Updated: Jun 19, 2020

[Part 1 introduces #medicineonthewalls, a project of the intercalated BA in Medical Humanities, and gives a quick summary of what the project has been doing since the arrival of COVID-19 in the UK. Part 2, published tomorrow, will be an interview of a couple of the street artists involved with the most recent wall, 'Apart Together', which was painted in Bristol and Nairobi.]


The UK’s official lockdown began on 23rd March. Everywhere was awash with official public health messages, centring on ‘Stay Home’. medicineonthewalls was just about to begin its second project, thanks to a grant from the Temple Quarter Engagement Fund (@engage_bristol).

This projects looks to explore the potential of street art to spread healthcare messages, help healthcare interventions, and highlight healthcare practice and research. Medicineonthewalls is a form of street Graphic Medicine; it ‘resists the notion of the universal patient’ (Williams), and draws on an increasingly distinctive Bristolian form of civic engagement. Building on a previous partnership with street artists and the PRSC, medicineonthewalls wants to produce the images for three walls through engagement with three different community groups.

With the arrival of a pandemic, ‘community engagement’ was not practical, but there was clearly a lot of healthcare messaging needed. Thanks to a group of Bristol street artists, Ryder (@RAWgalleryuk), Decay, uncredited, 3DOM (@mike22inks) and SEPR (@sepr), and in partnership with Peoples Republic of Stokes Croft, #medicineonthewalls began a series of ‘Stay In’ walls which eventually built into a kind of sentence:


(Some of the thinking behind the choice of ‘Stay In’, its repetition, and the use of the particular wall in Stokes Croft can be found in a piece at graphicmedicine.org. The site has some interesting pages gathering together COVID-19 graphic art.)

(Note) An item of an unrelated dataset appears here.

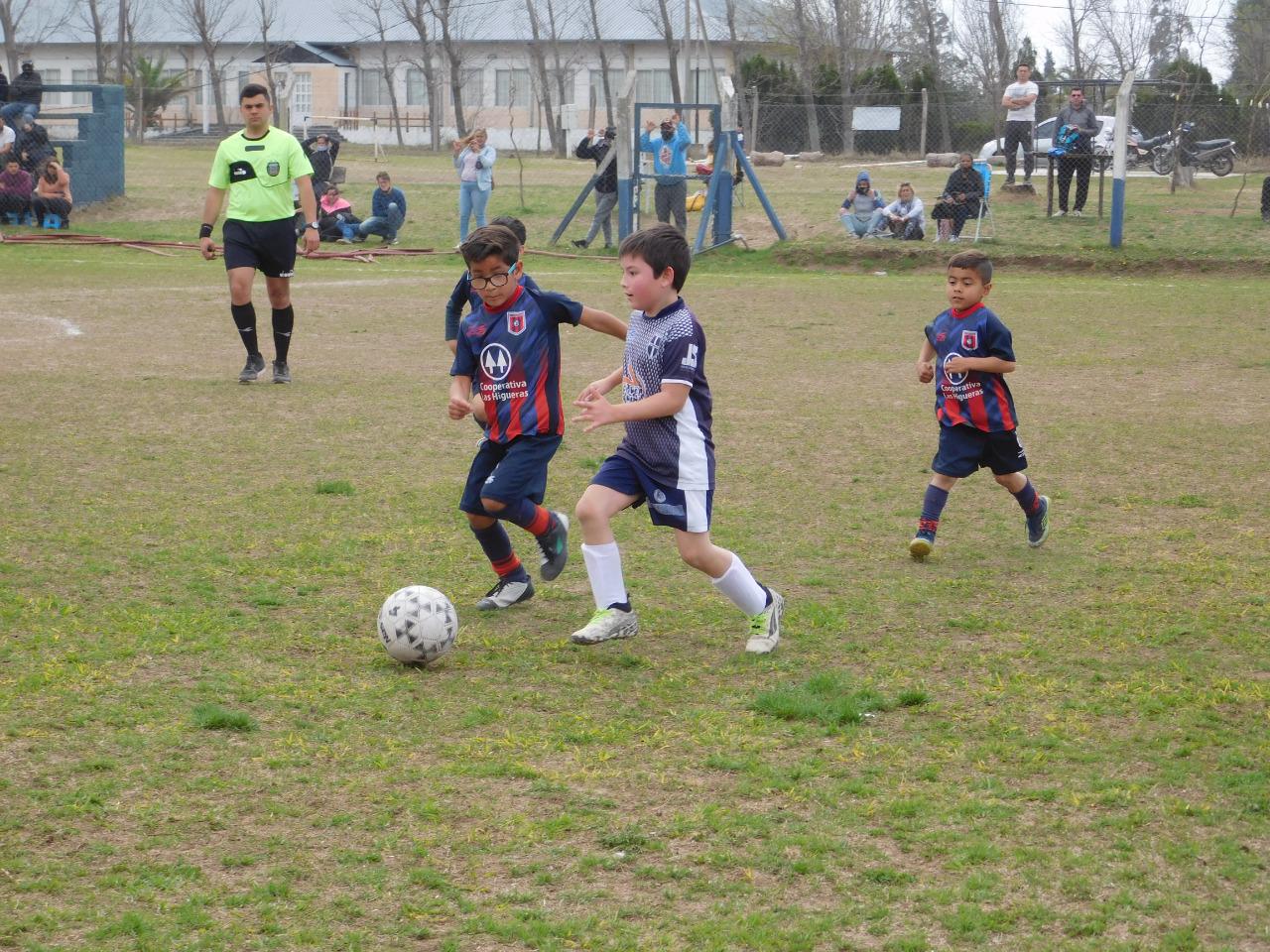 Atenas B vs Centro Social (26)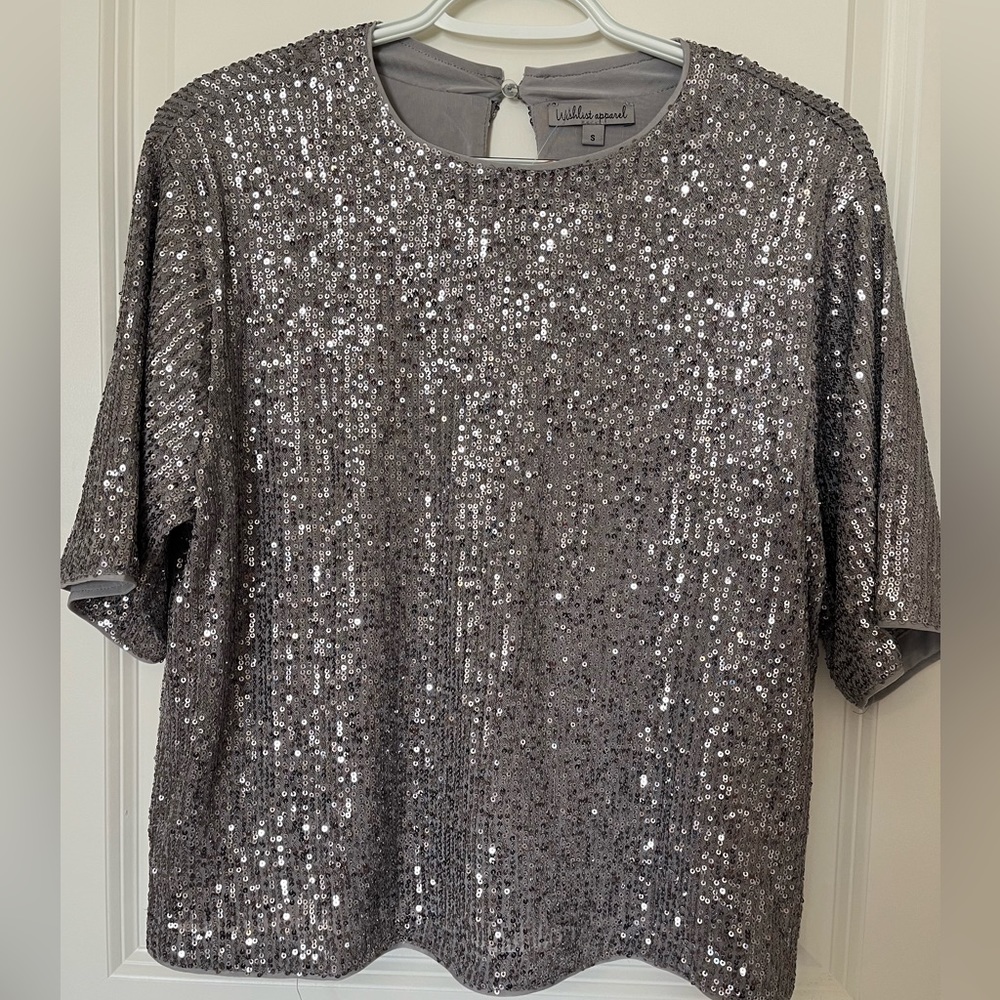 Sequin short sleeve top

The walls were popular with passers-by, some of whom work at the Bristol Royal Infirmary, but the idea was to broaden the area of impact. Making a time-lapse film was one way of doing that, and that got picked up by the University of Bristol’s main Twitter account. We also made the walls into digital logos, and made them available free for download.




These worked really well in this form, and the Bristol Post picked up one for the logo for its ‘Stay In’ section, and used another, for a month or so, to tag all of their pages:




They are still (as of 19th June) using another as their Twitter header:





They also ran a small spread on the project. A little later JackArts used them in their #YourSpaceorMine campaign, and they went up on hoardings around Bristol. They put up an interesting piece on the 'hijacking' of billboards to prescribe Graphic Medicine. 

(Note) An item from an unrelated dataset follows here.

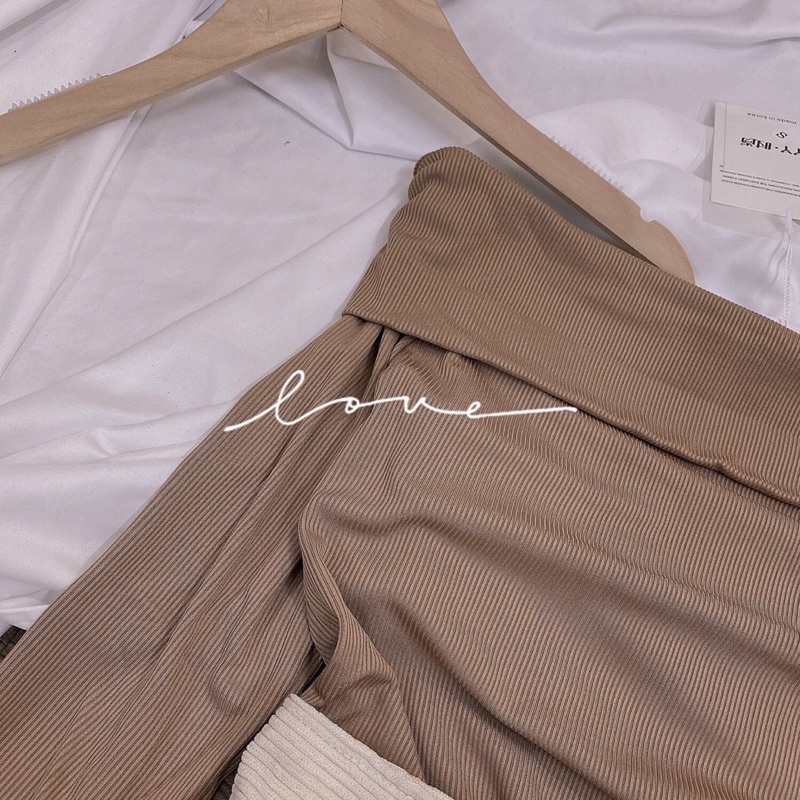 Set Áo Len Trễ Vai Mix Chân Váy Nhung Tăm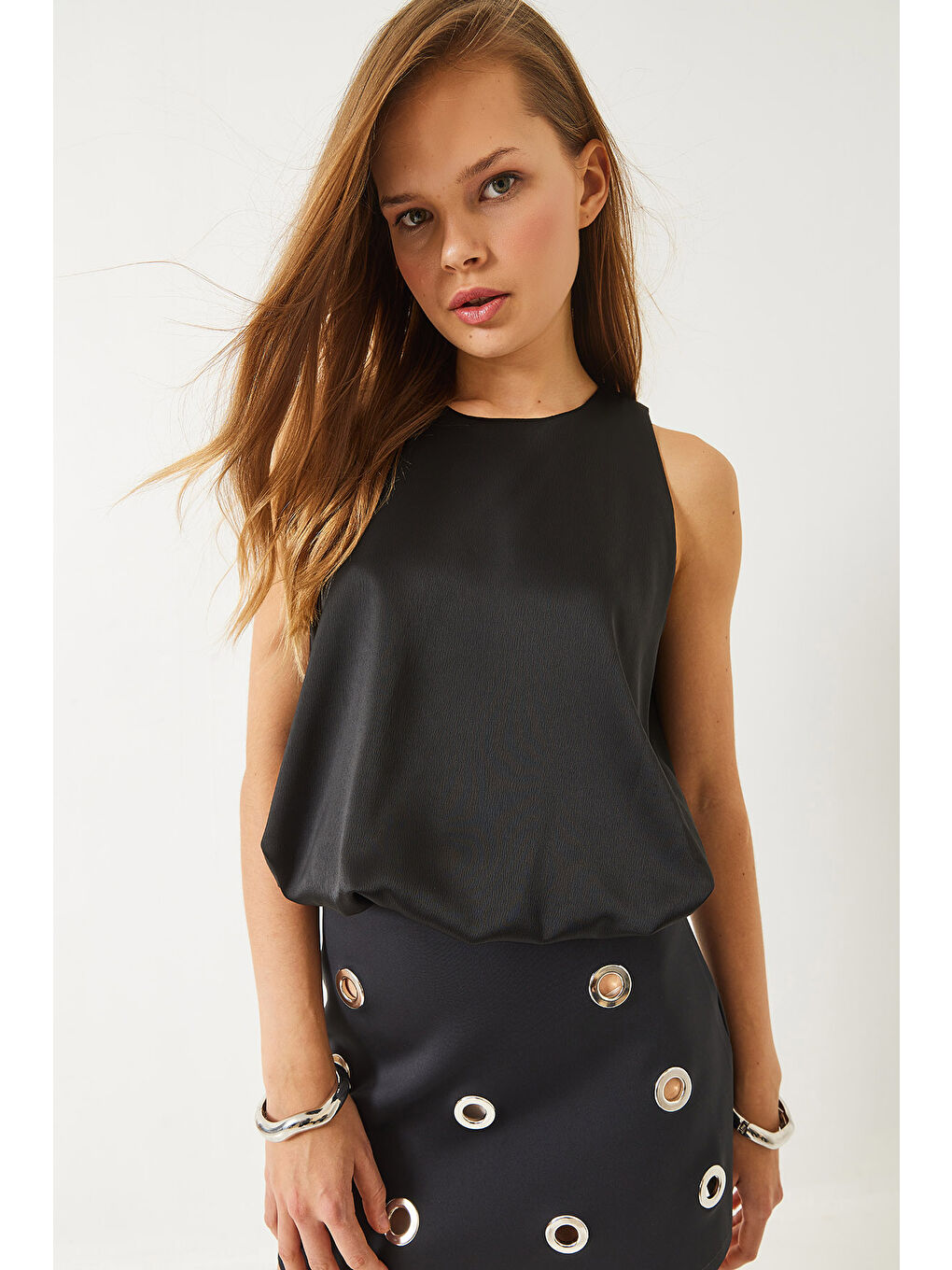 Siyah Kadın Etek Ucu Lastikli Balon Saten Bluz-2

Towards the end of April, it seemed time to focus on to the experience of lockdown, and how different that is for different people and different groups, and where we might want to go from here.


We asked Camille Aubry (@camilleaubrymakes), an illustrator, to design a wall, and she came up with this (painted by Object … (@object000) / Benoit Bennett):



Historic England would later select a photo of ‘Mum’s Wall’ as one of the 100 public images to form its Lockdown archive.

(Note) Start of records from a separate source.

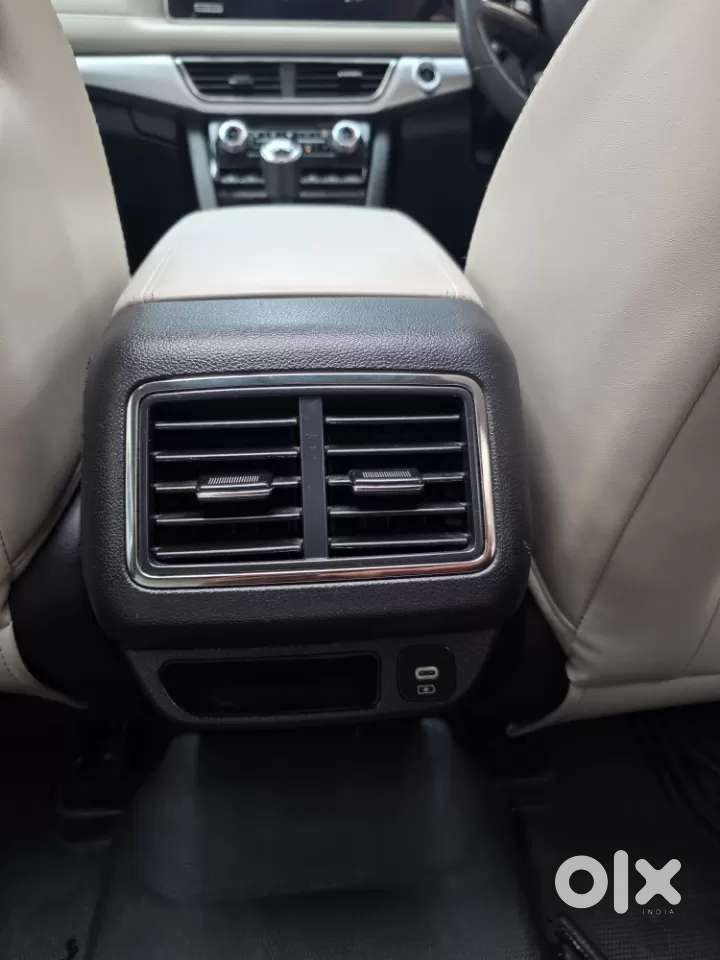 Mahindra Xuv700 2.2 Ax 7 Diesel Mt Luxury Pack Str, 2026, Diesel
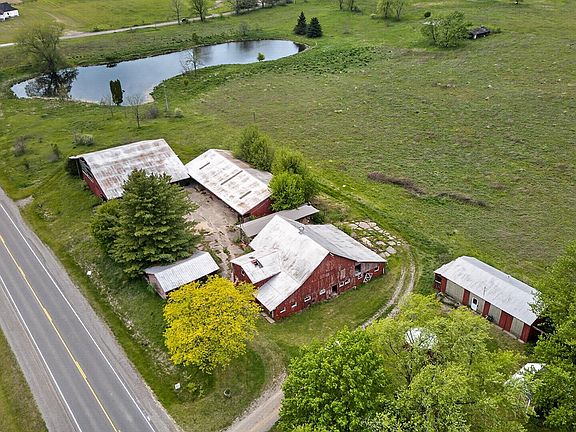 2nd image of 8103 Baldwin Rd
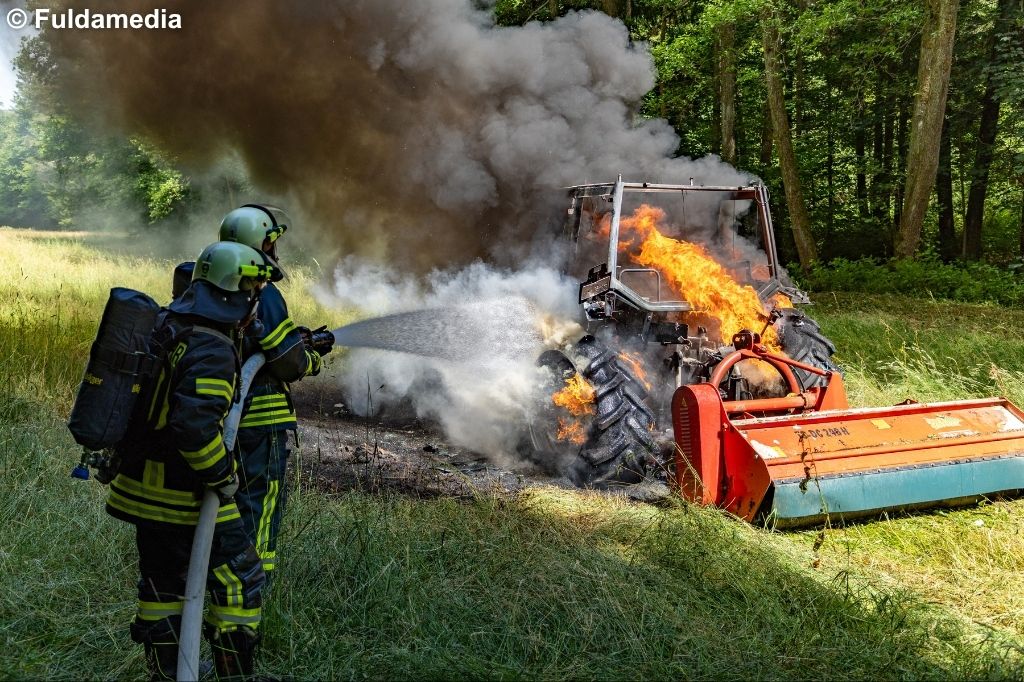 Feuerwehr löscht Traktor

And we got in touch with Msale, a street artist in Nairobi, after having seen his interest in using street art for health messaging featured in The Guardian. We decided to do a piece together, sharing the design process, and then painting it at the same time in Bristol and Nairobi, and trying to share that experience. This produced 'Apart Together':






In the immediate future, the plan is to do more point-of-view walls, and more ‘international’ collaborations. A ‘medical student’ wall is underway. Then, in time, to return to the original project around Bristol-based community engagement.